Protestano con una sofferenza e un dolore tali, da riuscire a modificare le espressioni dei loro visi che diventano di dolore, quando impotenti, vedono il frutto dei sacrifici di una vita scorrere lungo le strade. Un gesto estremo che ci fa capire quanta stima meritino queste persone, la cui unica richiesta è il rispetto.
Il rispetto per un lavoro che ogni giorno svolgono con passione e devozione, nessuna elemosina, né promesse che non contano niente, ma solo fatti concreti.
Un litro di latte pagato 0,60 centesimi presuppone un guadagno davvero minimo. E’ un’ingiustizia e si lavorerebbe in perdita, non è complicato da comprendere, e allora perché tutta questa ostinazione e insensibilità da parte di chi potrebbe e dovrebbe fare qualcosa?
E’ così difficile provare empatia per queste famiglie che vogliono vivere dignitosamente, far studiare i propri figli infondendo loro fiducia nel futuro ed educandoli all’amore per il mestiere del papà o del nonno?
La protesta del latte è dunque il grido d’aiuto di un’intera isola che scende in piazza accanto ai suoi pastori fiera e determinata.
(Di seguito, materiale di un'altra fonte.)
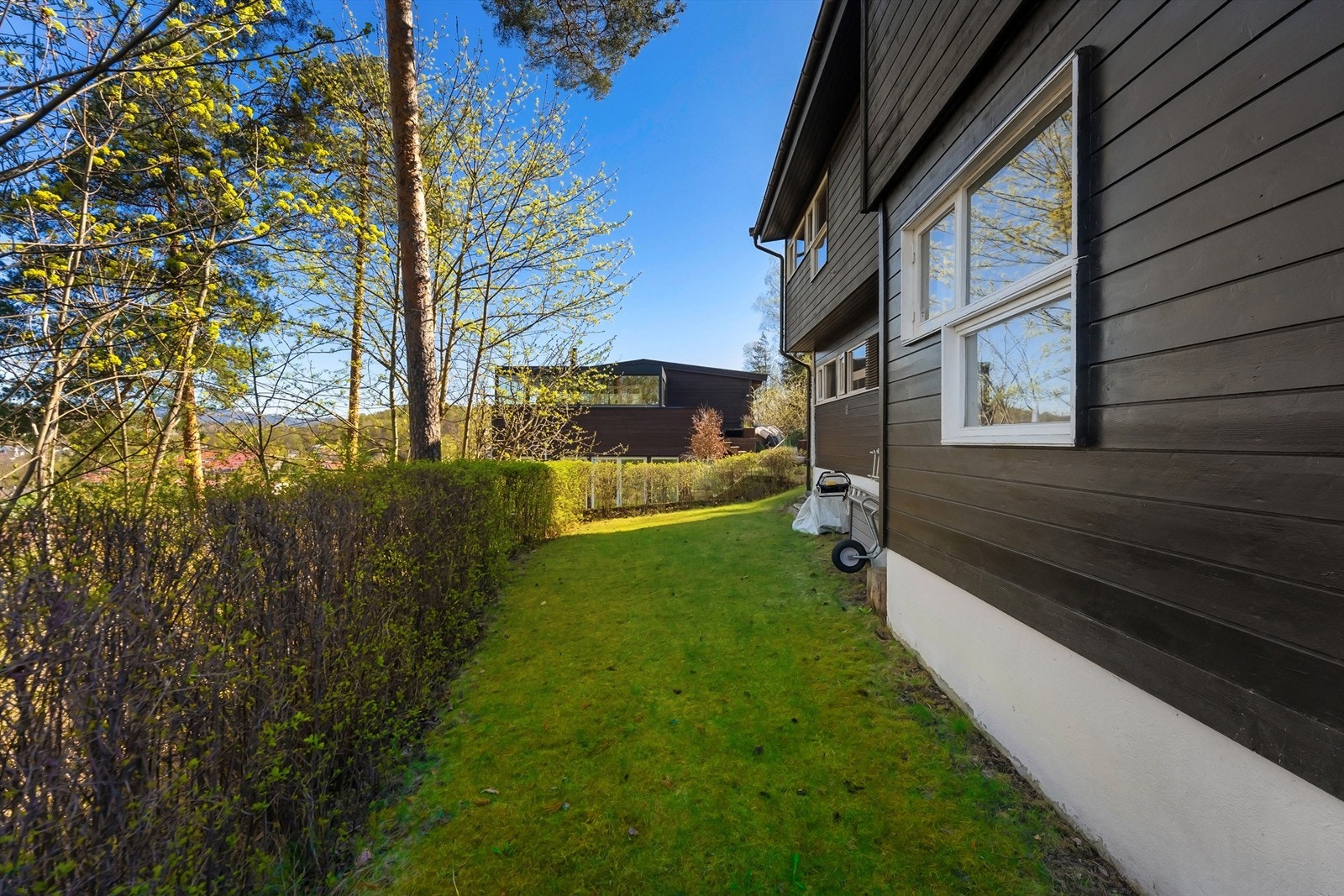 Eiendommen har en skjermet og barnevennlig hage. Galleribilde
Le lenzuola bianche esposte nei balconi delle case, i bambini con i cartelli in mano “io sto con i pastori sardi” e tanta solidarietà per chi ci sta insegnando come combattere per far valere i propri diritti, e soprattutto come esigere il rispetto per un lavoro portato avanti con sacrificio e dignità.
Circa la metà del latte ovino in Italia è prodotto in Sardegna e questo dovrebbe far capire la necessità di porre rimedio ad una situazione diventata di fondamentale importanza, non solo per i pastori, ma per tutti noi.